In vitro compartmentalization (IVC) is an emulsion-based technology that generates cell-like compartments in vitro . These compartments are designed such that each contains no more than one gene. When the gene is transcribed and/or translated, its products (RNAs and/or proteins) become 'trapped' with the encoding gene inside the compartment. By coupling the genotype (DNA) and phenotype (RNA, protein), compartmentalization allows the selection and evolution of phenotype.
In vitro compartmentalization method was first developed by Dan Tawfik and Andrew Griffiths. [1] Based on the idea that Darwinian evolution relies on the linkage of genotype to phenotype, Tawfik and Griffiths designed aqueous compartments of water-in-oil (w/o) emulsions to mimic cellular compartments that can link genotype and phenotype. Emulsions of cell-like compartments were formed by adding in vitro transcription/translation reaction mixture to stirred mineral oil containing surfactants. The mean droplet diameter was measured to be 2.6 μm by laser diffraction. As a proof of concept, Tawfik and Griffiths designed a selection experiment using a pool of DNA sequences, including the gene encoding HaeIII DNA methyltransferase (M.HaeIII) in the presence of 107-fold excess of genes encoding a different enzyme folA. The 3’ of each DNA sequences was purposely designed to contain a HaeIII recognition site which, in the presence of expressed methyltransferase, would be methylated and, thus, resistant to restriction enzyme digestion. By selecting for DNA sequences that survive the endonuclease digestion, Tawfik and Griffiths found that the M.HaeIII genes were enriched by at least 1000-fold over the folA genes within the first round of selection.

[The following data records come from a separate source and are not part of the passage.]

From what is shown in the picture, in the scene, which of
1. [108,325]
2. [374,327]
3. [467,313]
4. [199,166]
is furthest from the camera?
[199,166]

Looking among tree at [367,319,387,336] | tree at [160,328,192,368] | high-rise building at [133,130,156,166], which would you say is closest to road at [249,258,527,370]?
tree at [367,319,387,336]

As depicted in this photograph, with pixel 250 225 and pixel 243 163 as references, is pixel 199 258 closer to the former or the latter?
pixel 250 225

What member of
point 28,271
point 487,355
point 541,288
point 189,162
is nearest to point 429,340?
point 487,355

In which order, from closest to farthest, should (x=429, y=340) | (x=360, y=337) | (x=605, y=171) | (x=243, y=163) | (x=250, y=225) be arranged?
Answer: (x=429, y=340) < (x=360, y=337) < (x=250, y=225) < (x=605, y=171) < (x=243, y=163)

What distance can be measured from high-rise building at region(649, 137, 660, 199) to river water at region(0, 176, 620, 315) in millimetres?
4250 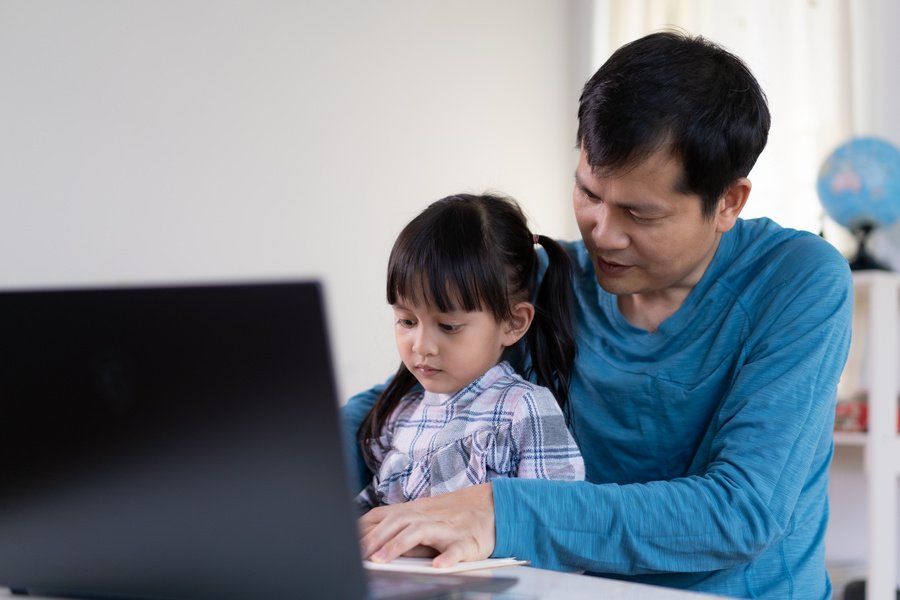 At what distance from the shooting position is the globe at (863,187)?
2646 millimetres

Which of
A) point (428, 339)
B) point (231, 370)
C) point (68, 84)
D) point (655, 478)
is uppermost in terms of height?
point (68, 84)

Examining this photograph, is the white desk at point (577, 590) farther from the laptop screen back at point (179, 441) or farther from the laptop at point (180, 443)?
the laptop screen back at point (179, 441)

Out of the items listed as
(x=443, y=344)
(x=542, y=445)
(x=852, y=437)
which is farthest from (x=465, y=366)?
(x=852, y=437)

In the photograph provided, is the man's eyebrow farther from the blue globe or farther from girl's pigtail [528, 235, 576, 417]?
the blue globe

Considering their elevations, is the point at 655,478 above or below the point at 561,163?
below

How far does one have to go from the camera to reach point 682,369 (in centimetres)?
139

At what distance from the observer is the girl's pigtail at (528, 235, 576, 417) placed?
1.48 m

Water-in-oil (w/o) emulsions are created by mixing aqueous and oil phases with the help of surfactants. A typical IVC emulsion is formed by first generating oil-surfactant mixture by stirring, and then gradually adding the aqueous phase to the oil-surfactant mixture. For stable emulsion formation, a mixture of HLB (hydrophile-lipophile balance) and low HLB surfactants are needed. [3] Some combinations of surfactants used to generate oil-surfactant mixture are mineral oil / 0.5% Tween 80 / 4.5% Span 80 / sodium deoxycholate [1] and a more heat stable version, light mineral oil / 0.4% Tween 80 / 4.5% Span 80 / 0.05% Triton X-100. [4] The aqueous phase containing transcription and/or translation components is slowly added to the oil surfactants, and the formation of w/o is facilitated by homogenizing, stirring or using hand extruding device.

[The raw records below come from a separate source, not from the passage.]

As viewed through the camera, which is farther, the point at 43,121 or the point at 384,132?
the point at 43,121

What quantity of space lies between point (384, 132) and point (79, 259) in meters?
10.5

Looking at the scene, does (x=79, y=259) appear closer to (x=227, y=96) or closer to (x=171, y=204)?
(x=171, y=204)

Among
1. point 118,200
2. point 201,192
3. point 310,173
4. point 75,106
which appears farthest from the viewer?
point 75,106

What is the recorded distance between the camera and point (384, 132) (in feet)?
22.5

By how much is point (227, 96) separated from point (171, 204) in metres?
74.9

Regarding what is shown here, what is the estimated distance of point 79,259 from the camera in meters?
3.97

The emulsion quality can be determined by light microscopy and/or dynamic light scattering techniques. The emulsion is quite diverse, and greater homogenization speeds helps to produce smaller droplets with narrower size distribution. However, homogenization speeds has to be controlled, since speed over 13,500 r.p.m tends to result in a significant loss of enzyme activity on the level of transcription. The most widely used emulsion formation gives droplets with a mean diameter of 2-3μm, and an average volume of ~5 femtoliters, or 1010 aqueous droplet per ml of emulsions. [5] The ratio of genes to droplets is designed such that most of the droplets contains no more than a single gene statistically.
IVC enables the miniaturization of large-scale techniques that can now be done on the micro scale including coupled in vitro transcription and translation (IVTT) experiments. Streamlining and integrating transcription and translation allows for fast and highly controllable experimental designs. [6] [7] [8] IVTT can be done both in bulk emulsions and in microdroplets by utilizing droplet-based microfluidics. Microdroplets, droplets on the scale of pico to femtoliters, have been successfully used as single DNA molecule vessels. [9] [10] This droplet technology allows high throughput analysis with many different selection pressures in a single experimental setup. [6] [10] IVTT in microdroplets is preferred when overexpression of a desired protein would be toxic to a host cell minimizing the utility of the transcription and translation mechanisms. [11]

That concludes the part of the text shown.